A weekly chart of the US Dollar Index shows it is in real trouble. Get a gander of the chart, then I'll explain.
1. The recent decline in the U.S. dollar. Any fool can see that. But that decline brings the green back to ...
2. Important support. The dollar index is at multi-month lows. This must hold. If it doesn't ...
3. First Fibonacci support.
4. Second Fibonacci support.
5. Third Fibonacci support.
6. Weekly Aroon trend indicator just gave a powerful sell signal. Most of you are unfamiliar with Aroon, though, so ...
7. Momentum, as measured by weekly RSI, is definitely weakening.
If you want fundamentals that might prompt a move below support, here are some things I am watching.
Saudi Arabia threatens to sell off U.S. assets if Congress passes a bill that would allow the Saudi government to be held responsible for any role in the September 11 attacks. (link)

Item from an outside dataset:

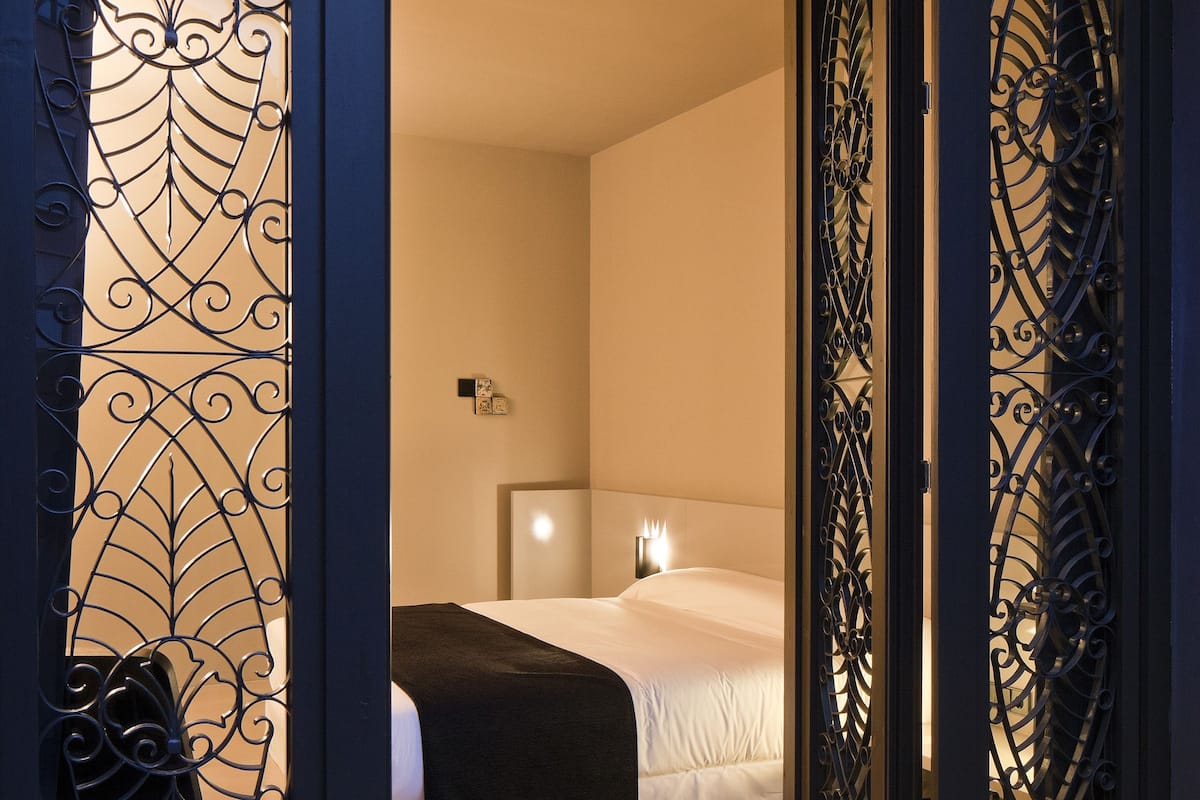 Una habitación de hotel con una cama, una mesita de noche y un velador.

That's up to $750 billion in U.S. assets. Including lots of Treasuries. Foreign ownership of U.S. Treasuries is one of the things supporting the U.S. dollar.
And the Saudis have reason to be worried. 60 Minutes just did a segment on Saudi involvement in 9/11.

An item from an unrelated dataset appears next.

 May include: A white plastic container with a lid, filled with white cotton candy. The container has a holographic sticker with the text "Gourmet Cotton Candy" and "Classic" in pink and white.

Estimates of U.S. GDP Growth Are in The Tank. The Atlanta Fed GDPNow model forecast for real GDP growth (seasonally adjusted annual rate) in the first quarter of 2016 is 0.3% on April 13. ZERO POINT THREE PERCENT!
Sure, first-quarter GDP was weak last year, too. But 0.3%. Great googly-moogly! That is awful.

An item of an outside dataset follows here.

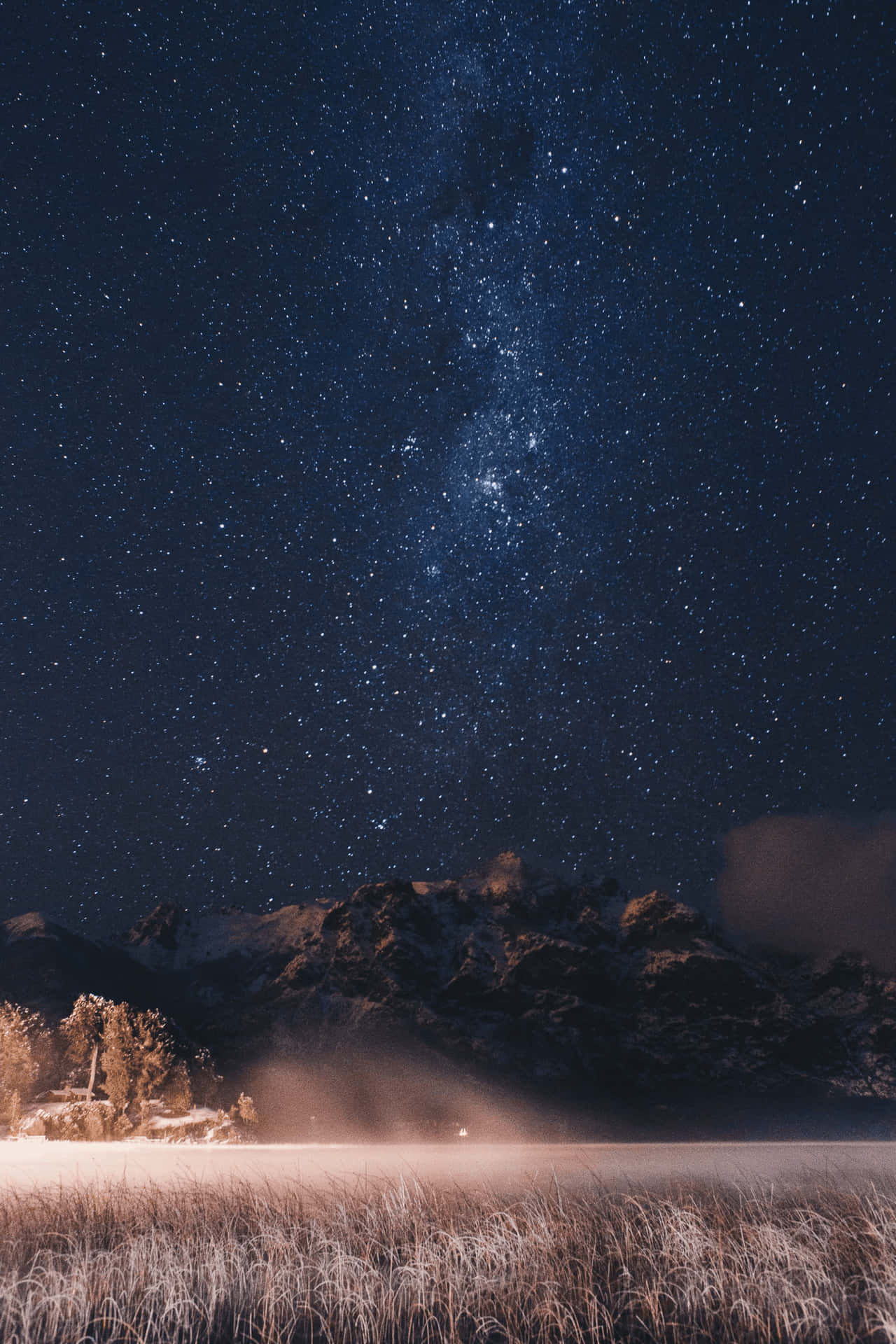 星空下積雪的山峰，草地上有霜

Maybe things will pick up in the second quarter. Sure. As the oil patch collapses in on itself, keep telling yourself that.
The point is, with economic growth this weak, I don't see how the Fed can raise interest rates. The Fed recently cut its number of intended hikes this year from four to two. How does NONE sound to you? Sounds about right to me. And maybe the market is getting a whiff of that, too.
Economic Indicators are Weakening. Monthly data for March featured a big decrease in industrial production and capacity utilization. Retail sales also fell, with a slump in vehicle sales getting most of the blame. Producer prices decreased.
I'm not saying we're going into recession. I'm saying this is more evidence the Fed can't raise rates. That cuts more support out from underneath the dollar.
So what does this have to do with gold? Easy. Gold is priced in dollars. Usually, when the dollar moves in one direction, gold moves in another. It's what I call the "seesaw of pain."
For 4 1/2-years, gold was on the painful end of that see-saw. Now, that see-saw may be about to come slamming down on the dollar's head.